Characteristics of Capped Collections
Fixed Size: The size of the capped collection is predetermined. Once the size limit is reached, older documents are automatically removed.
Preserves Insertion Order: Documents are stored in the order they were inserted, which makes it easy to retrieve documents based on insertion order.
High Throughput: Capped collections are optimized for high-speed read and write operations.
No Updates That Increase Size: You can update documents in a capped collection, but updates that increase the document size are not allowed, as this would violate the fixed size constraint.
No Deletes: While you can't remove individual documents, you can still empty the entire collection or remove it.

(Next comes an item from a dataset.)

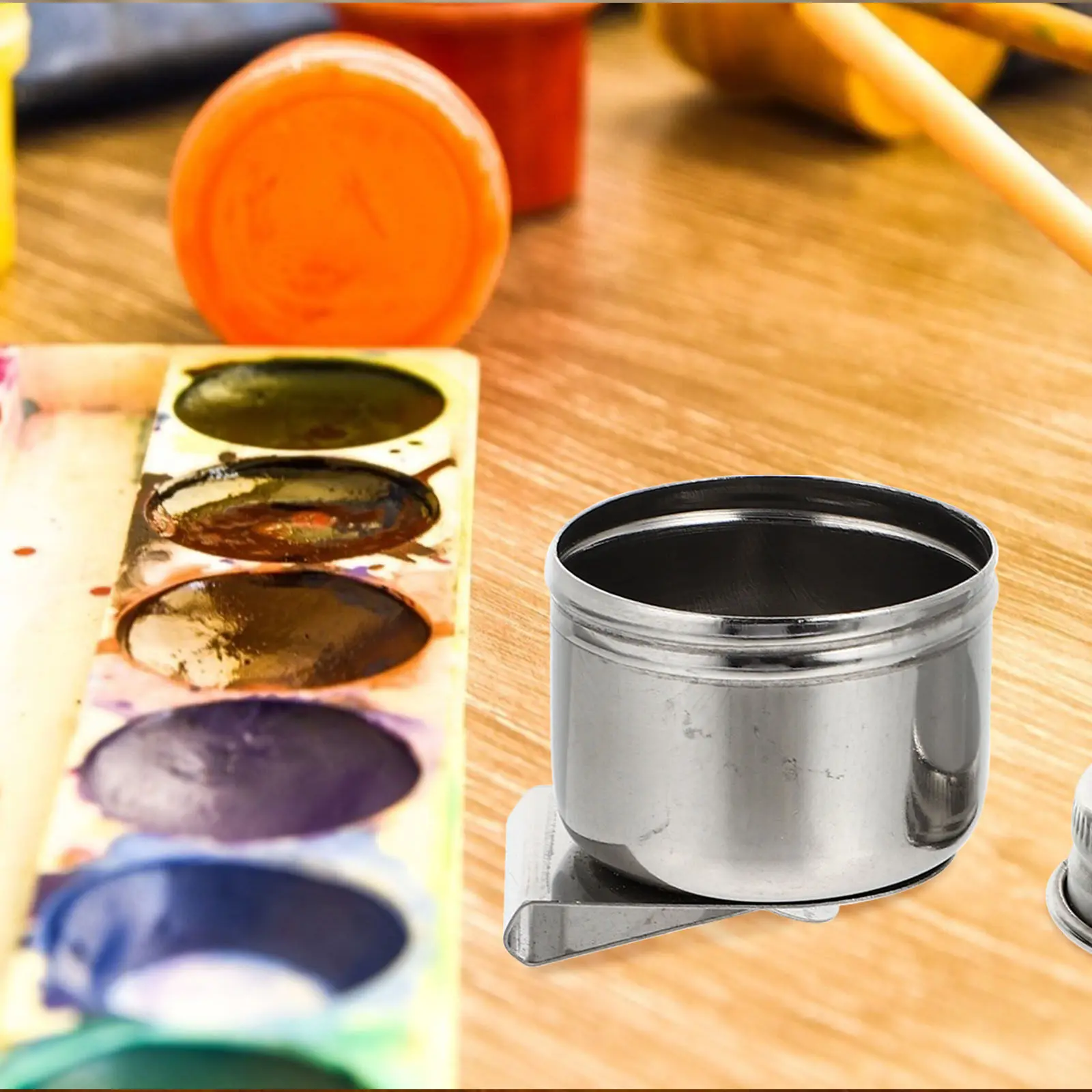 2Pcs Oil Palette Cup Stainless Steel Paint Brush Washer Container for Color Mixing Solvent Storage Portable Brush Cleaning Pot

Creating a Capped Collection
You can create a capped collection using the createCollection
method with the capped
and size
options:
db.createCollection("myCappedCollection", { capped: true, size: 100000 })
Here, size
is the maximum size in bytes for the capped collection.
Converting a Regular Collection to Capped
You can convert an existing collection to a capped collection using the convertToCapped
command:
db.runCommand({ convertToCapped: 'myCollection', size: 100000 })
Querying a Capped Collection
Querying a capped collection is the same as querying a regular collection. However, you can take advantage of the natural order in which documents are stored:
db.myCappedCollection.find().sort({ $natural: -1 })
This query retrieves the most recently inserted documents first.
Use Cases
Logging: Store log entries and automatically remove the oldest when the collection fills up.
Real-time Analytics: Use for real-time metrics where only the most recent data is relevant.
Caching: Store frequently accessed data up to a certain limit.
Considerations
No Indexes: By default, capped collections only have an index on the
_id
field. You can add additional indexes, but remember that indexes consume space, which is limited in a capped collection.No Sharding: Capped collections cannot be sharded, which means they are not suitable for horizontal scaling.